Examples

The process of defining, solving, and evaluating a MOMDP closely mirrors the steps for a POMDP, differing primarily in the function definitions required.

RockSample

We will use the classic Rock Sample problem to demonstrate forming a MOMDP, solving it with SARSOP, and evaluating the policy.

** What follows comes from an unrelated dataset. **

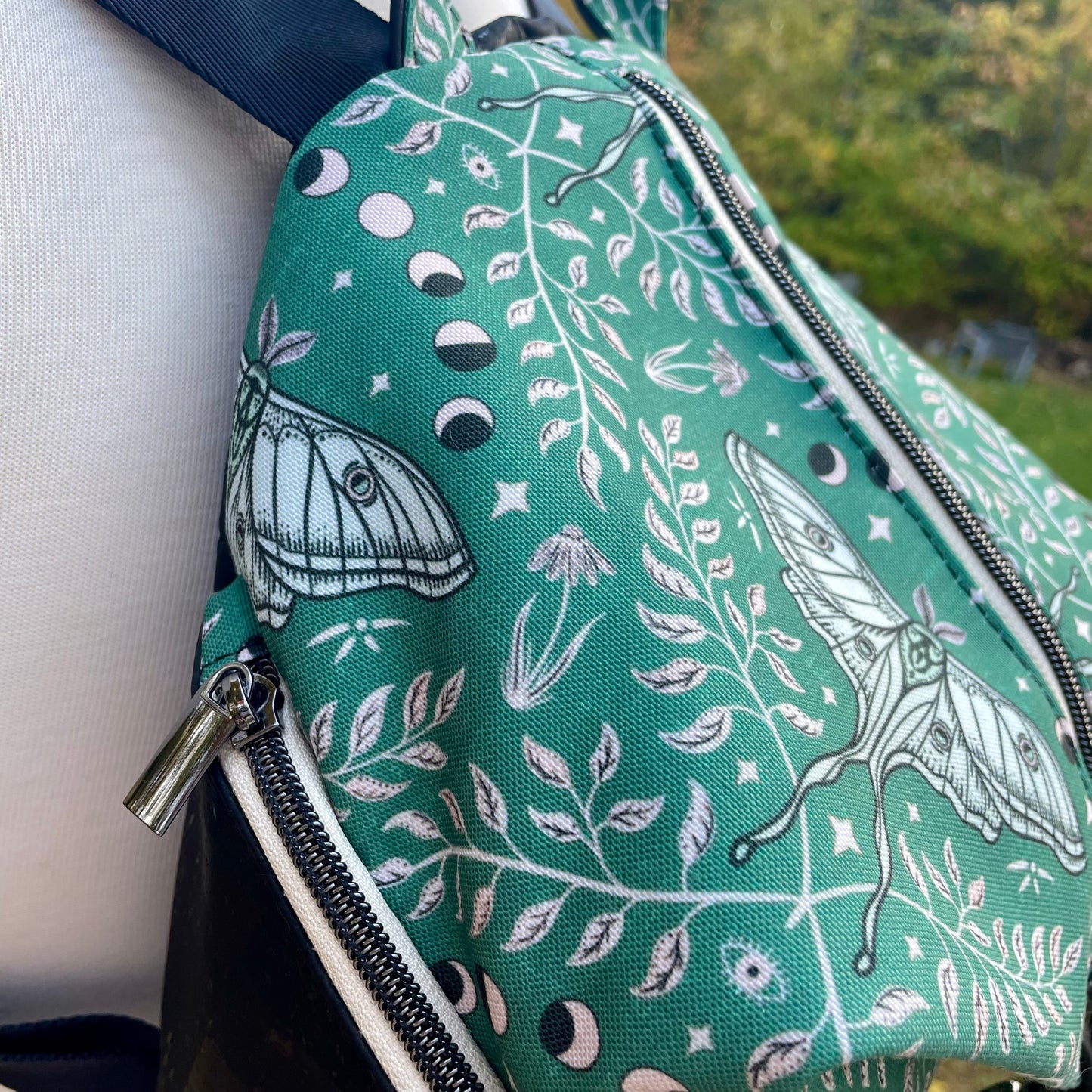 Sac à dos en canvas vert à motifs de papillons crèmes et au liège noir.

Since RockSample is already defined as a POMDP in RockSample.jl, we will reuse existing definitions where possible and focus on the MOMDP-specific aspects.

RockSampleMOMDP Type

We define the MOMDP type similarly to the existing POMDP and provide a constructor from the POMDP type.

using POMDPs
using POMDPTools
using MOMDPs
using SARSOP
using Printf
using LinearAlgebra
using RockSample
using StaticArrays # for SVector

mutable struct RockSampleMOMDP{K} <: MOMDP{RSPos,SVector{K,Bool},Int,Int}
    map_size::Tuple{Int,Int}
    rocks_positions::SVector{K,RSPos}
    init_pos::RSPos
    sensor_efficiency::Float64
    bad_rock_penalty::Float64
    good_rock_reward::Float64
    step_penalty::Float64
    sensor_use_penalty::Float64
    exit_reward::Float64
    terminal_state::RSPos
    discount_factor::Float64
end

"""
    RockSampleMOMDP(rocksample_pomdp::RockSamplePOMDP)

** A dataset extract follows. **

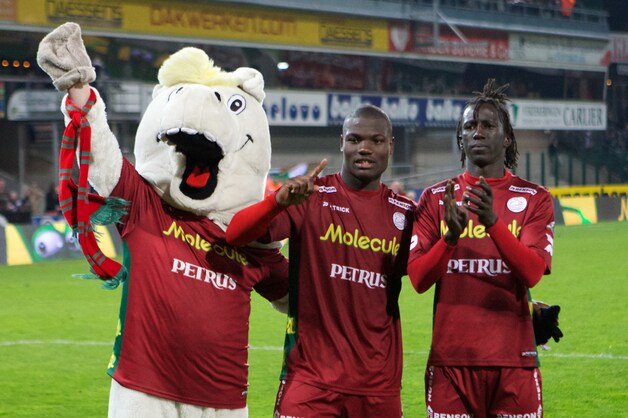 De mascotte viert met doelpuntenmakers Leye en Malanda.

Create a RockSampleMOMDP using the same parameters in a RockSamplePOMDP.
"""
function RockSampleMOMDP(rocksample_pomdp::RockSamplePOMDP)
    return RockSampleMOMDP(
        rocksample_pomdp.map_size,
        rocksample_pomdp.rocks_positions,
        rocksample_pomdp.init_pos,
        rocksample_pomdp.sensor_efficiency,
        rocksample_pomdp.bad_rock_penalty,
        rocksample_pomdp.good_rock_reward,
        rocksample_pomdp.step_penalty,
        rocksample_pomdp.sensor_use_penalty,
        rocksample_pomdp.exit_reward,
        rocksample_pomdp.terminal_state.pos,
        rocksample_pomdp.discount_factor
    )
end

Main.RockSampleMOMDP

State Space

In RockSample, the robot knows its location but observes only rock states. Thus, grid locations form the visible state and rock states form the hidden state.

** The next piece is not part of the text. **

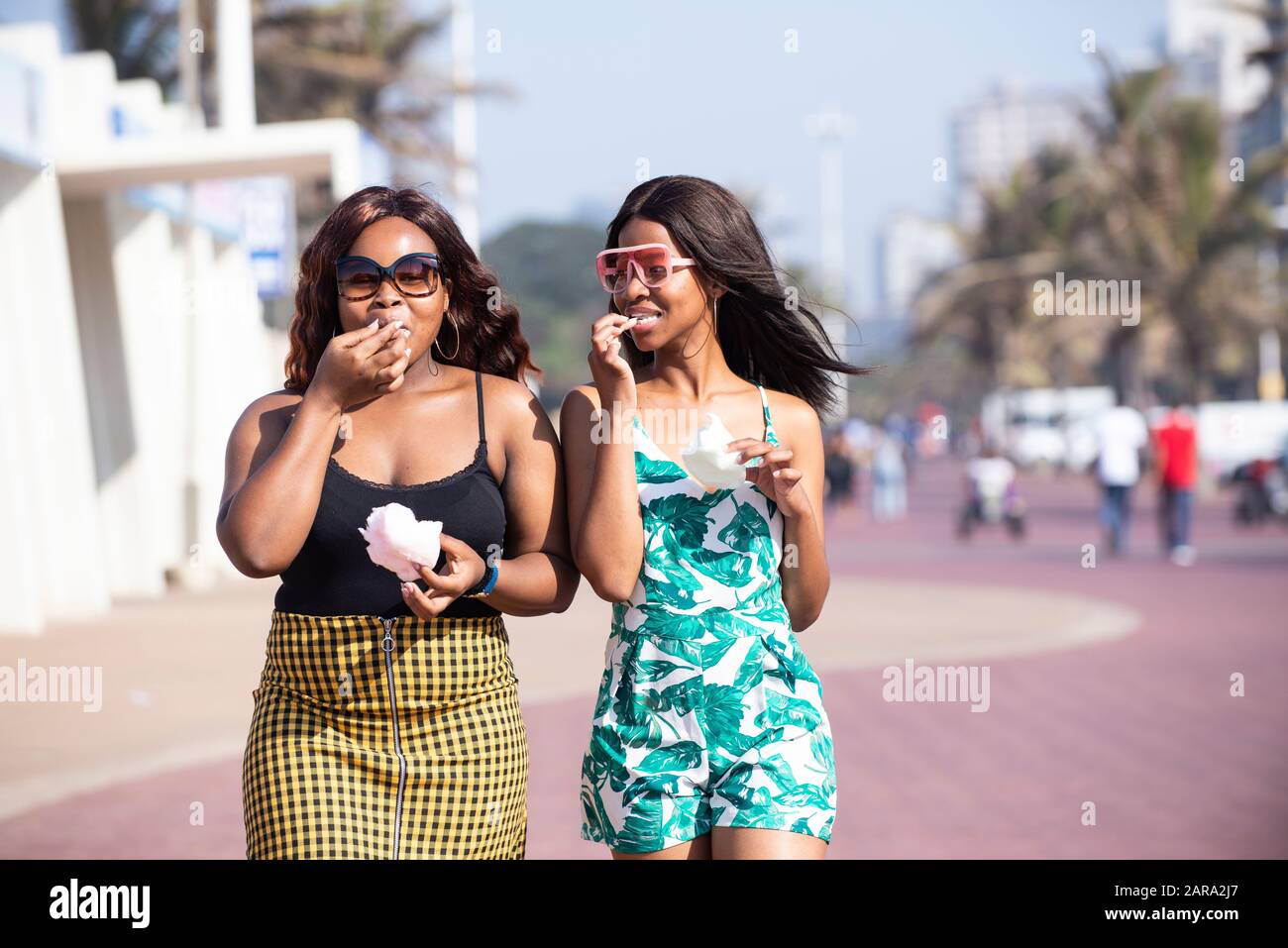 Two young women walking and eating candy floss. Stock Photo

# Visible states: All possible grid locations and a terminal state
function MOMDPs.states_x(problem::RockSampleMOMDP)
    map_states = vec([SVector{2,Int}((i, j)) for i in 1:problem.map_size[1], j in 1:problem.map_size[2]])
    push!(map_states, problem.terminal_state) # Add terminal state
    return map_states
end

# Hidden states: All possible K-length vector of booleans, where K is the number of rocks
function MOMDPs.states_y(problem::RockSampleMOMDP{K}) where {K}
    bool_options = [[true, false] for _ in 1:K]
    vec_bool_options = vec(collect(Iterators.product(bool_options...)))
    s_vec_bool_options = [SVector{K,Bool}(bool_vec) for bool_vec in vec_bool_options]
    return s_vec_bool_options
end

State Indexing

For certain solvers, we also need the stateindex function defined. For MOMDPs, we need to define it for both the visible and hidden states.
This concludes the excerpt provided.